A primer on HTML

By Jonathan Schofield of Watershed Creative

Introduction

HyperText Markup Language (HTML) is the predominant language for structuring (marking up) web pages (and HTML emails).

There are some great HTML editing tools available now that do a good job of protecting content owners from having to understand HTML. One of the most common browser-based tools is TinyMCE, a WYSIWYG editor. Great though tools like this are, they lull you into a false sense of security that everything is simple and taken care of. Because of its carefully nested structure, HTML is easy to break or do badly using these tools, so…

Knowing the basics of HTML is an invaluable skill for you to:

Fix errors when things go awry in TinyMCE (or other editors)
Realise your investment in your stylesheet
Promote yourself on third party sites as effectively as possible

Impatient or just need a reminder? Then skip to the essentials summary.
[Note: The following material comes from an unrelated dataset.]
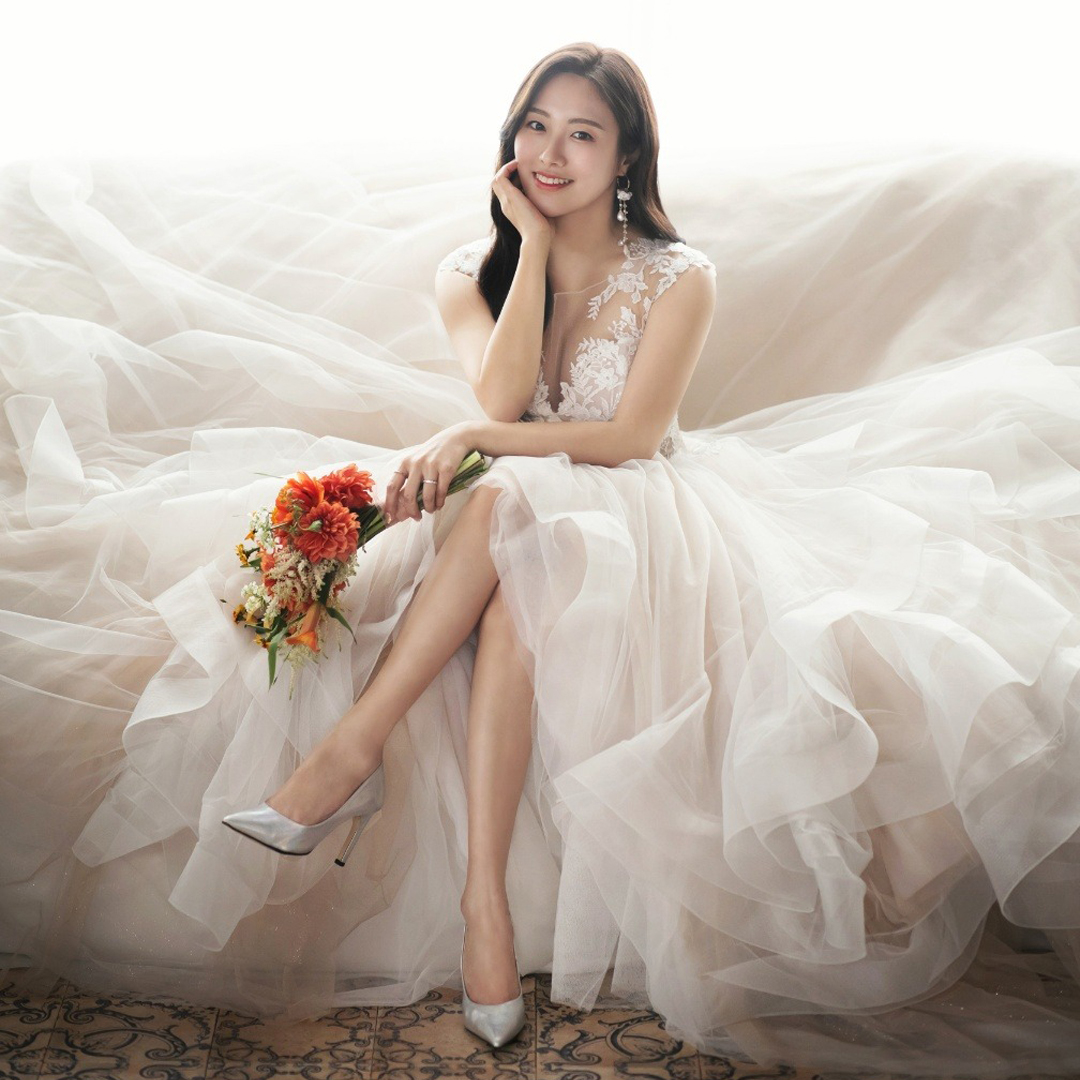 REVIEW_239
Want to dive in and learn? Then read on!

Note: I know that the following won’t be read and absorbed in one sitting and that the best way to learn is by doing. Nonetheless, by breaking it down into logical sections, my hope is that it forms a useful point of reference to come back to and one where specific guidance can be found quickly.

Essential terminology

HTML elements are the ‘building blocks’ of the language. Actually, as almost every element can be the ‘parent’ of another element, it’s more helpful to think of elements as parts of a tree structure.
Each element is written (marked up) in plain text using an HTML tag.
Every tag can include markup for one or more HTML attributes and their values, each of which can:
- Modify the behaviour of the element in question
- Provide additional information to the user
- Provide additional structural mechanisms by which stylesheets and JavaScript can function
Stylesheets are collections of one or more user-defined sets of style rules.
Style rules are collections of one or more style selectors and one or more style properties.

Fundamental concepts

HTML is a markup language not a programming language: it uses special sequences of text to add structure and additional semantics to the text content that is presented to the reader; it doesn’t have any facility for defining controls that create outcomes such as if scenario A, do something, if scenario B, do something else.
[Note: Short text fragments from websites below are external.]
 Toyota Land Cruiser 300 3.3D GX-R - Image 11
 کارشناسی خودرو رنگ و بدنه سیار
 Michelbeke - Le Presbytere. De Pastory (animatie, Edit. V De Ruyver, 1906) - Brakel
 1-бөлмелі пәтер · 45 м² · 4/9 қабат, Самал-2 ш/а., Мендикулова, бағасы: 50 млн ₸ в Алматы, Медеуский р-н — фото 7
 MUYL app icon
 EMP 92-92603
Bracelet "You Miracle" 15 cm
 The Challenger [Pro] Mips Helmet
The ‘special sequences of text’ are nothing more than the names of the defined HTML elements and their attribute values in combination with five specific characters¹: <, =, ", / and >. Put together in the right syntax, these form HTML tags*.
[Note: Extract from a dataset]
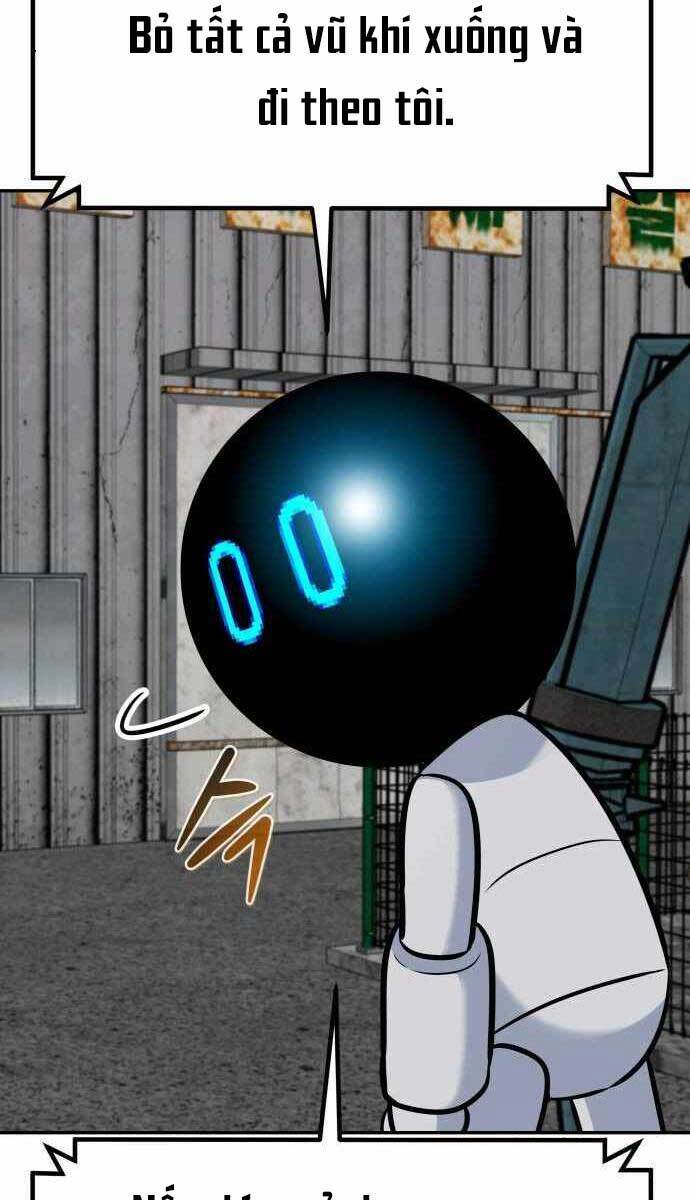 Kẻ Đa Tài - Chapter 51 - Page 133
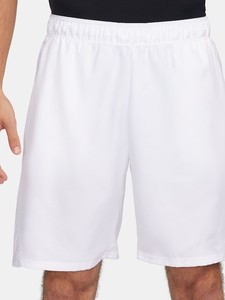 กางเกงขาสั้นแนวสตรีทสำหรับผู้ชายกางเกงขาสั้นสำหรับใส่เล่นฟิตเนสในยิมกางเกงขาสั้นออกแบบโลโก้ได้ตามต้องการ - Product Image 3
¹ Double and single quotation marks serve the same purpose and can be used interchangeably (in pairs), but it’s best to stick to one or the other consistently.

When it comes to the styling of your content, you should know that almost any² HTML element in the body of a page can be made to display in any way you wish using an appropriate stylesheet. So the choice of element used to add structure to your content is a semantic one³, not a styling one!

² Explorer 6 does not recognise or correctly handle a few HTML elements, most notably those for abbreviations and short quotations. And there a couple of other infrastructural elements that cannot be styled.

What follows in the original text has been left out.